ランボー「母音」 Rimbaud, « Voyelles » ボードレールを超えて  Au-delà de Baudelaire

4.Iは赤

赤に移ると、攻撃の対象は、1830年のロマン主義詩人たちになる。

I, pourpres, sang craché, rire des lèvres belles
Dans la colère ou les ivresses pénitentes ;

I, 緋色。吐き出された血、美しい唇の笑い
怒りにとらわれた時の、あるいは贖罪の陶酔の中での。

Iでは、赤(rouge)という単語は出て来ず、« pourpre »が使われる。きらきらとした濃い赤の材質で、古い時代にはローマの執政官やキリスト教の高位聖職者の服として用いられていた。贖罪(pénitent)はその連想。

宗教的な苦行の中で、血を吐くまで自己を責めさいなむことがあったのだろう。そして、それが陶酔につながる。
その時、神の前で悔恨を吐露しているようでいながら、もしかすると悪魔の行為かもしれない。怒りや笑いは堕天使である悪魔を連想させる。笑う唇の美しさが悪魔のものだとすれば、最大の皮肉となる。

この2行詩は、物質的な緋色の素材や吐き出された血で始まるが、笑い、怒り、陶酔という順に、感情的な要素が強くなっていく。
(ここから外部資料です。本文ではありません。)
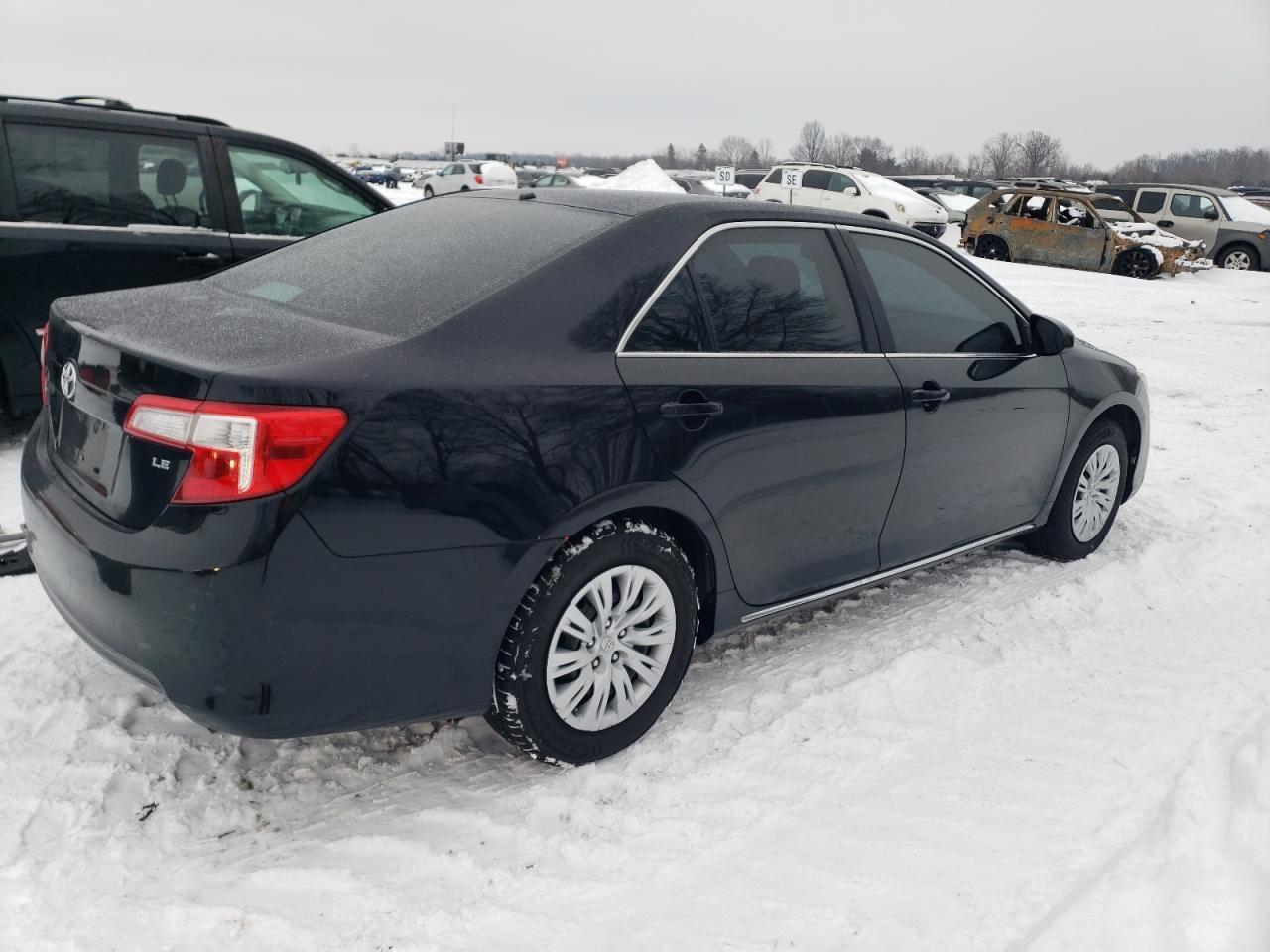 2012 TOYOTA CAMRY BASE - Фото 3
これは高踏派ではなく、ロマン主義文学のテーマだといえる。

音では、« i »が« rire »と最初に響き合い、最後に« ivresses pénitentes »と2度連続する(assonance)。その音によって、笑いと贖罪の陶酔が赤く染まる。
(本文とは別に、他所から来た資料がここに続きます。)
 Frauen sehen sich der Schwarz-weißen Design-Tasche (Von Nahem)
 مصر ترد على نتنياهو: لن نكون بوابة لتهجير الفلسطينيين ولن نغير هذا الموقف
« pourpre »には、« p »と« r »が2回づつ出てくる(allitération)。
« p »が次に出てくるのは、最後の« pénitent »。それに対して、« r »は、« rire », « lèvres », « colère », « ivresse »と連続し、悪魔の緋色の笑いが詩句全体に響いているかのような印象を生み出している。